The UK has awarded its first round of carbon storage licenses as the country looks to become a global leader in the growing technology.
Spirit Energy, owned by British Gas’ parent company Centrica, is among 12 companies that have been offered 20 licenses to store carbon dioxide in depleted oil and gas fields off the British coast.
Sites include areas near Aberdeen, Teesside, Liverpool, Lancashire and Lincolnshire.
The awards mark a step forward in efforts to develop an industry that will capture and store carbon dioxide emissions from factories and others struggling to move away from fossil fuels.
Several companies have used carbon capture and storage to extract oil from depleted fields, but the use of the technology to reduce emissions is still in its infancy.
There are currently no active carbon storage sites in the UK, but the government wants around 30 million tonnes to be stored each year by 2030, around 9 per cent of current emissions.
The strong appetite for licenses (19 companies applied) reflects the growing commercial case for the technology, given the price UK polluters have to pay for carbon dioxide emissions has quintupled over the past five years.

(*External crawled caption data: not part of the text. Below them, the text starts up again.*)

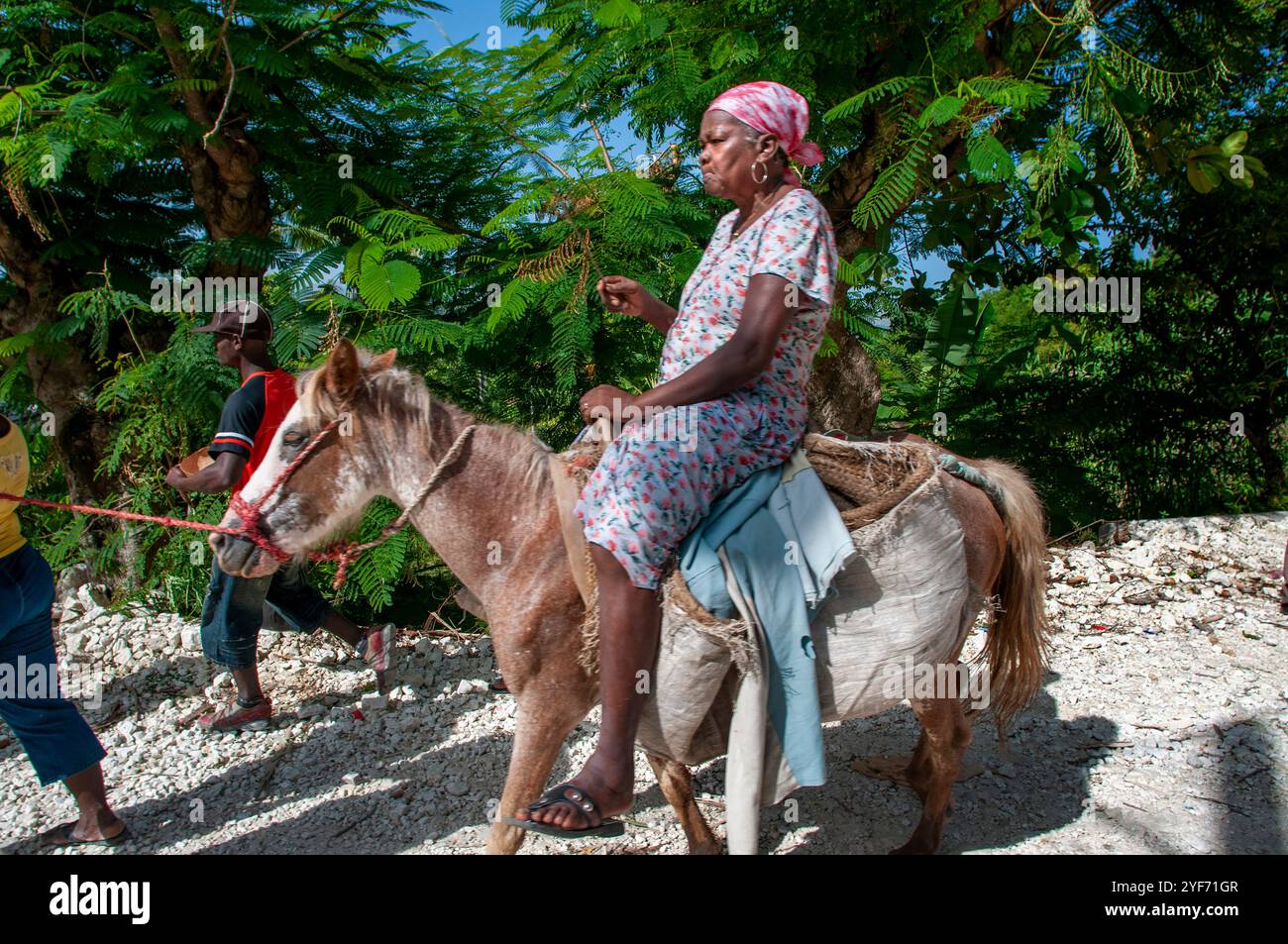 Saut d'eau haiti hi-res stock photography and images - Alamy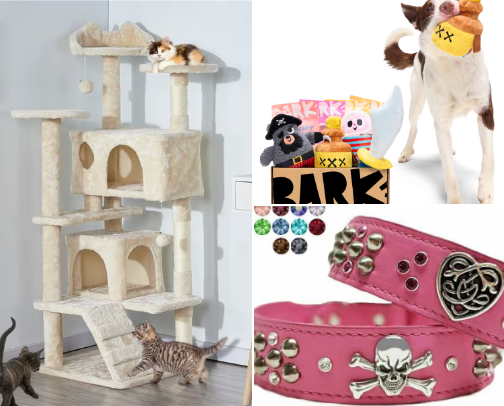 Pampered Paws and Tail Tales 🐶 🐱 cover photo collage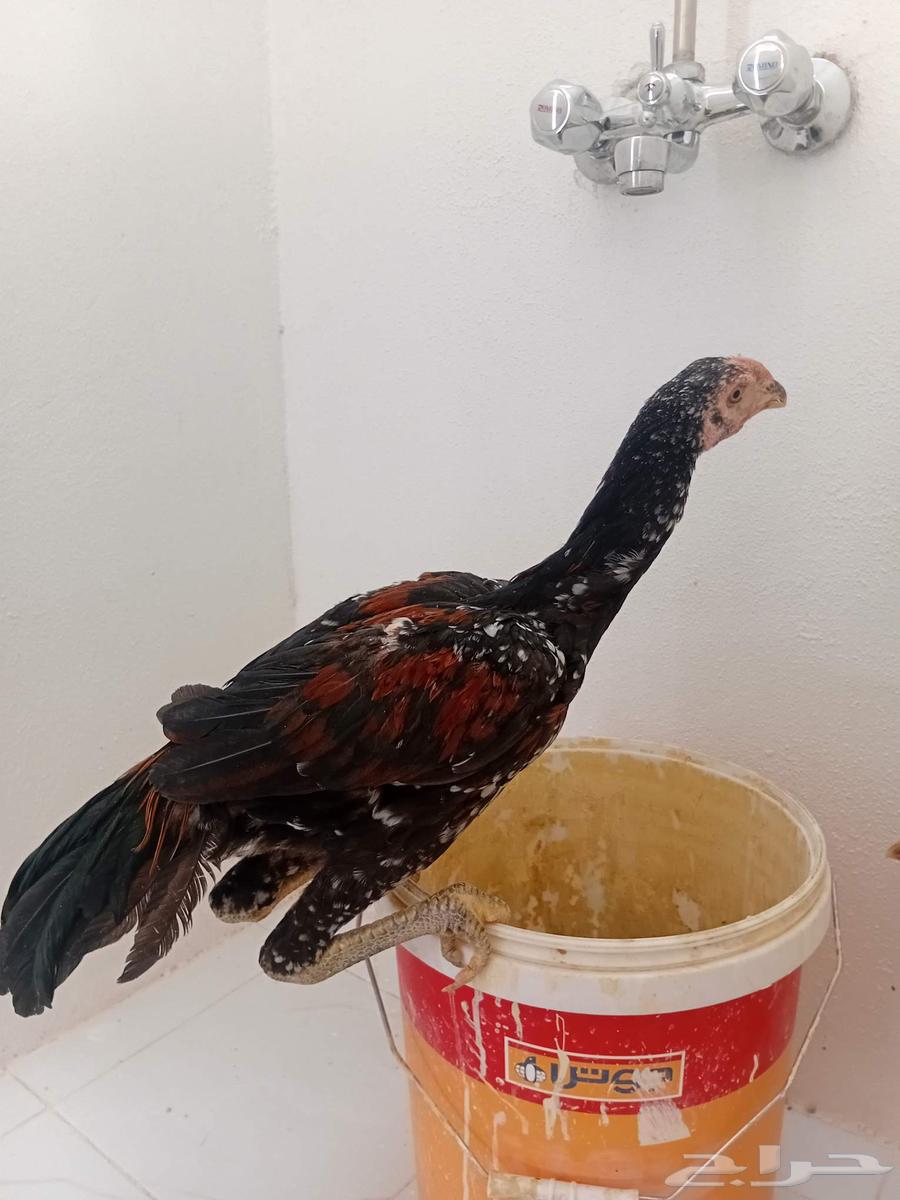 A rooster and two hens set (Persian) produced by me, sold outside the site64367726848257112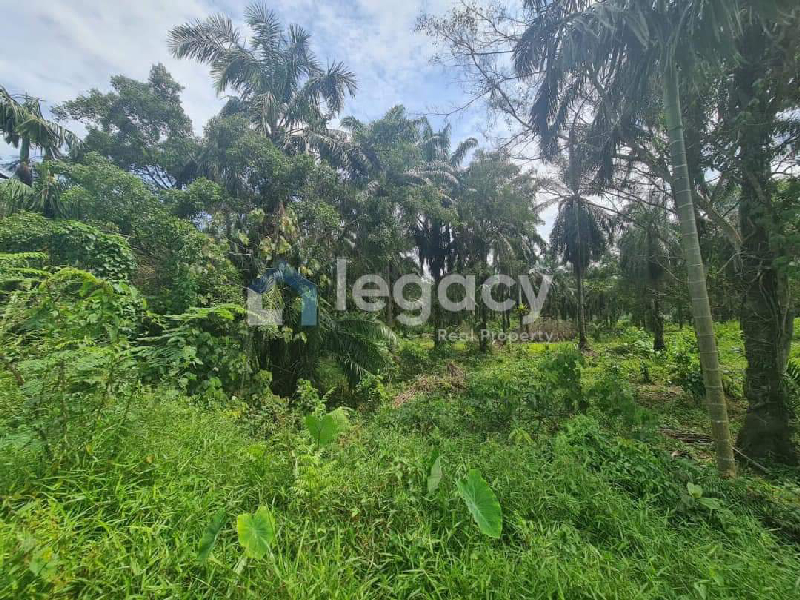 Tanah Pertanian Sawit 3.437 Ekar Selama Perak - photo 8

Developers also hope to eventually save carbon dioxide imported from pollutants in continental Europe and elsewhere by making the most of Britain’s oil and gas fields.
Energy Efficiency and Green Finance Minister Lord Martin Callanan said Britain was in a “prime position” to “grow our economy to become a world leader in this emerging industry”.
Stewart Payne, chief executive of industry regulator the North Sea Transition Authority, said it was an “important day”.
“As a nation, we cannot achieve our carbon removal goals without carbon storage. This is net zero delivery in operation,” he said.
The industry is still in its early stages, however, and there is no certainty that storage sites will be built.
Developers with 20 licenses can now physically evaluate sites, but they will need other permissions and leases before they can begin commercial storage.
The government has pledged £20bn to the industry over the next 20 years, but is yet to finalize the details. But developers are still waiting for the exact form of that help before hitting the investment button. They estimate that each of the major sites would cost billions of pounds to build and run.
Many of the proposed licenses are oil and gas producers looking to re-use depleted fields.
Private company Neptune Energy, chaired by Sam Laidlaw, and London-listed EnQuest have confirmed they are among the winners.
However, the environment has changed for oil and gas producers since the licensing phase opened in June 2022.
The government has raised the oil and gas tax rate for the second time since January, meaning it is now 75 percent. Meanwhile, gas prices have fallen from last year’s record high.
“The windfall tax has an impact,” said David Whitehouse, chief executive of Offshore Energies UK, which represents oil and gas producers.
“It basically takes away the opportunity for organizations to invest.”
Regulators have not released the list of companies offering licenses because there are still terms to work through before the awards are approved.
Spirit Energy, which owns Centrica with Germany’s Stadtwerke München, has confirmed it has received a license to convert its gas fields at Morecambe Bay in north-west England to carbon dioxide storage.
Spirit Energy and Centrica chief executive Chris O’Shea said the project could create “thousands of jobs in the North of England”.
He said Centrica was “prepared to invest in excess of £1 billion” depending on the amount of government support for the sector.
While some carbon storage licenses have been granted on a temporary basis in the UK and Norway in recent years, Thursday’s announcement is the first round of carbon storage licensing in Europe.